A study of Americans done by the retailer Plow & Hearth, however, shows that some consumers – green consumers – are willing to spend a little more to buy a product that is environmentally friendly. According to an article on Portland Business Journal the study found that
About two-thirds of those going green this year say they are willing to spend between 10 percent and 25 percent more to by ecofriendly holiday green gifts.
Here are a few other statistics that the study found:
- 55% of women are likely to purchase green products
- 45% of men are likely to purchase green products
- Middle-aged and younger people are more likely to buy green than older people
- Those who live in the West are more likely to buy eco-friendly than other parts of the country
- 34% said that money is the most important factor when it comes to deciding about purchasing an eco-friendly product
So what can we conclude from this?
First of all, it needs to be noted that this study was done by a company that sells some eco-friendly products. I tend to be wary of results from studies and surveys done by a party that has an interest in the results.
But if these findings are accurate, there’s some good news here. Even in these tough economic times, many people are still seeing the importance of making sure that their purchases leave a lighter impact on the earth. They also understand that their eco-friendly purchases may have to come at a higher price tag and are willing to pay extra up to a certain extent.
Another study done by Deloitte LLP showed that some consumers are not only willing to spend more for green gifts, they are also willing to alter their shopping and gift giving practices to be more environmentally friendly.
38 percent of consumers saying they will use fewer plastic bags while 21 percent are planning on not wrapping holiday gifts to conserve paper.
Some shoppers also believe that shopping online instead of heading out to the brick and morter stores is more environmentally friendly because it saves on gas. That may or may not be true, depending on what is being purchased and how far it needs to be shipped. And while unlike the gift where it can be argued that “it’s the the thought that counts,” this shows that many consumers are trying to think of how they can lower their envionmental impact for the season even if they don’t always get it right.

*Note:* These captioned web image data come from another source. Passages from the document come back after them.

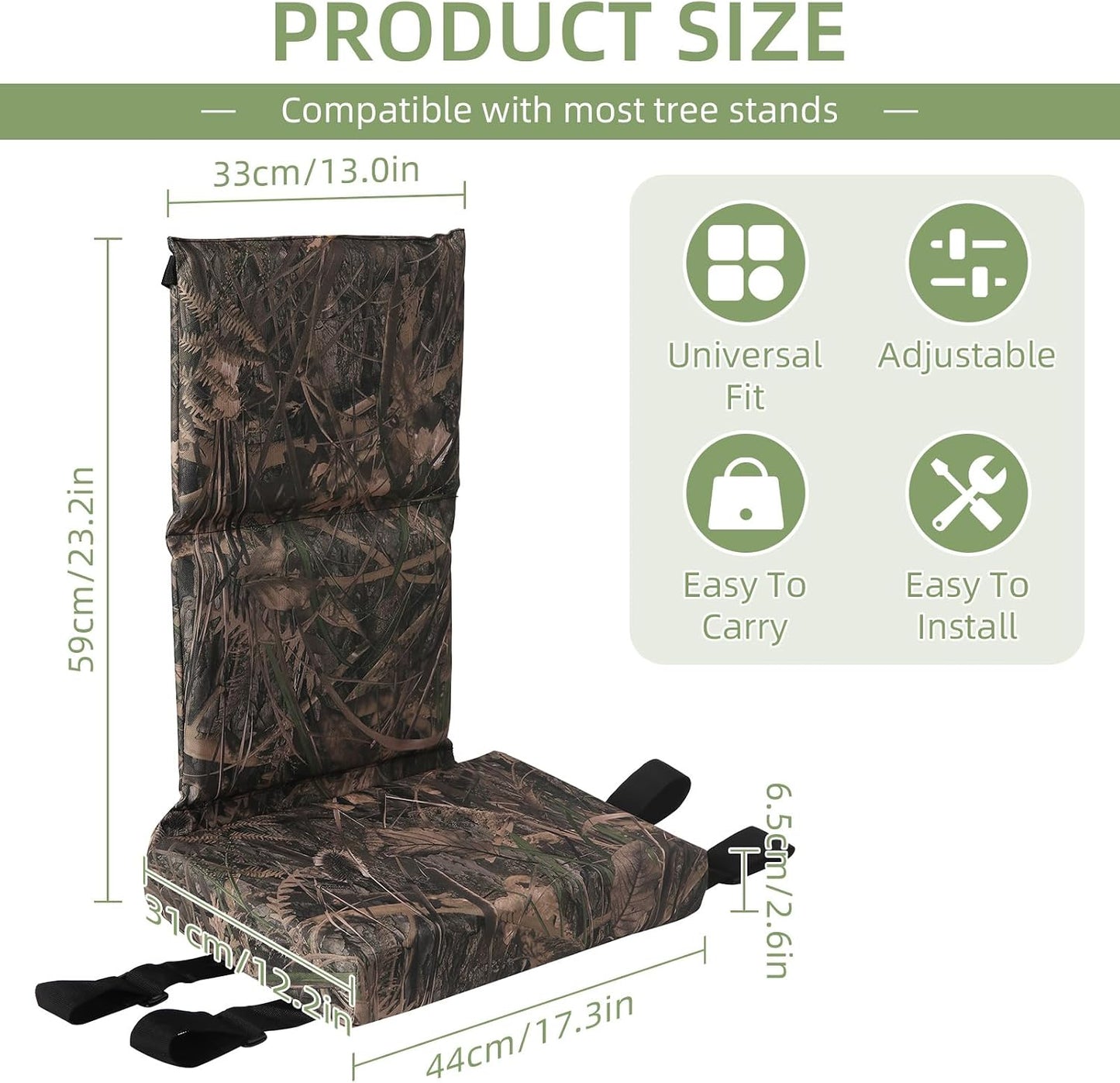 Soporte asiento caza ajustable con cojín plegable y correas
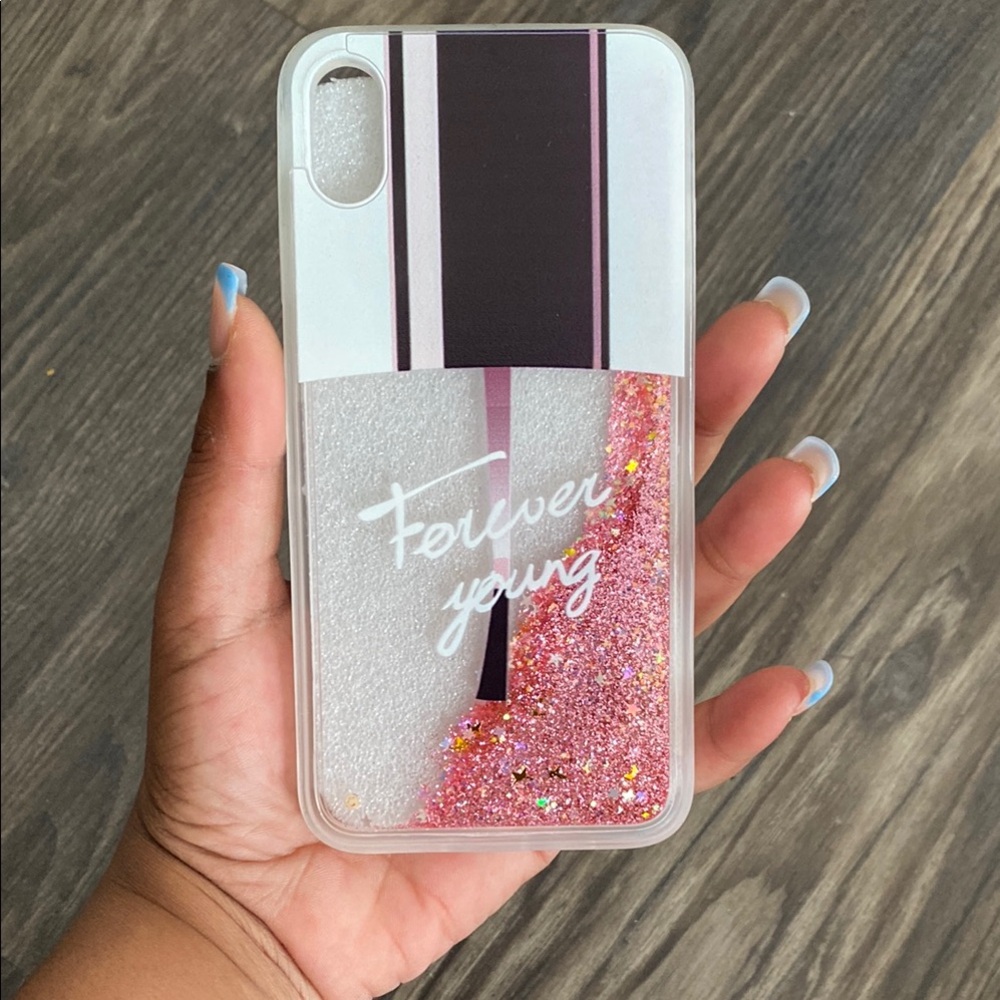 Stylish Pink Glitter iPhone 10 Case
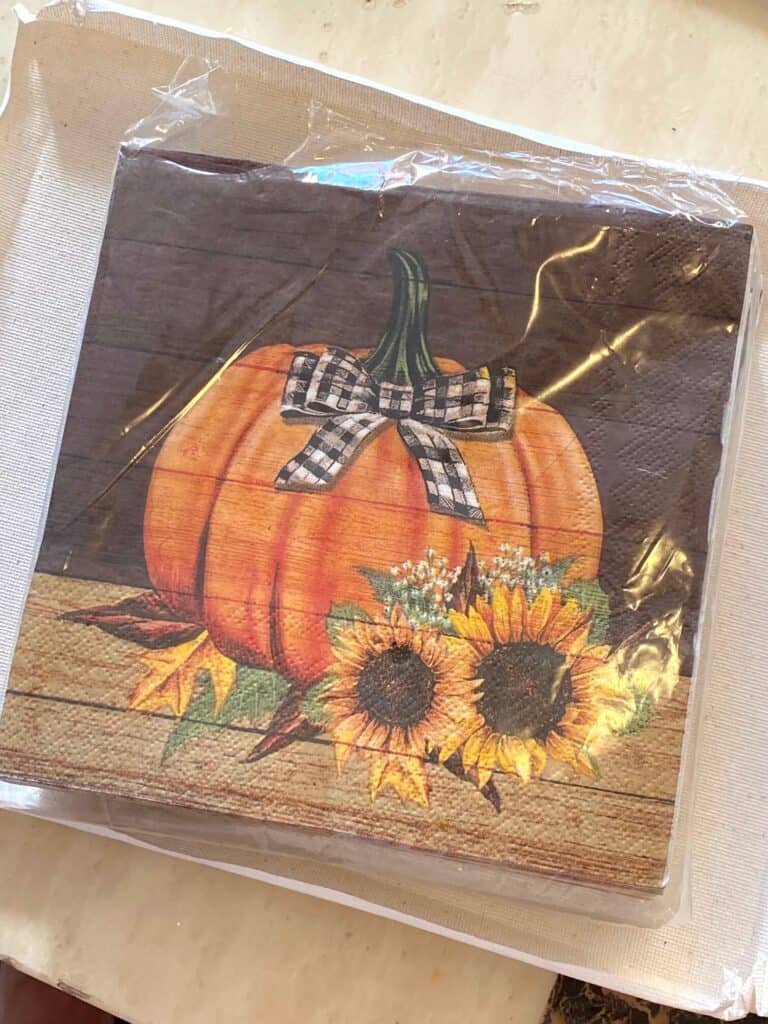 Sunflower and pumpkin fall harvest napkins from Hobby Lobby.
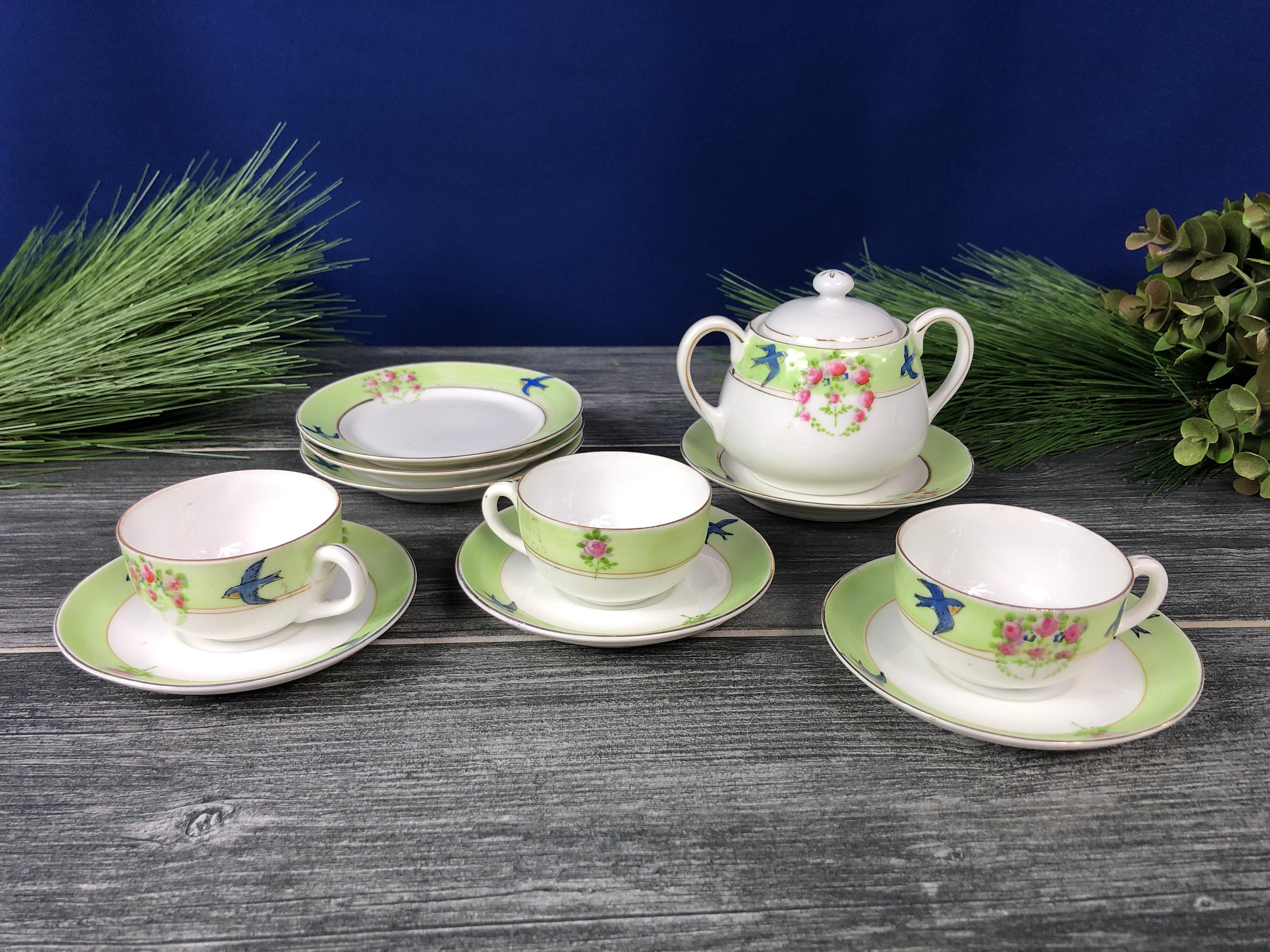 青色の花と鳥の装飾 陶器の鉢 Hand Painted Vintage Noritake Bluebird - Etsy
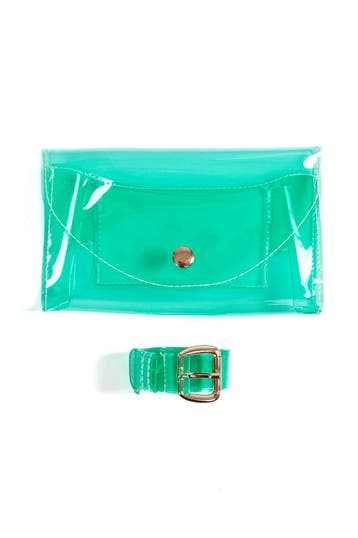 KIMU® Klein Groen Transparant Heuptasje Riem Heuptas Pvc Fan, Ophalen of Verzenden, Nieuw, Overige kleuren, Overige typen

I like that many more consumers are beginning to consider the impact of not only their purchases but also how they purchase and even how they present those purchases. It seems like this year, even with our economic problems, there is a lot more talk about this than there was last year, and last year there was talk. It may take us a while, but perhaps eventually, considering the environmental impact of our holiday purchases will become the norm for everyone until it doesn’t even need to be a consideration anymore, it’s just the way it is.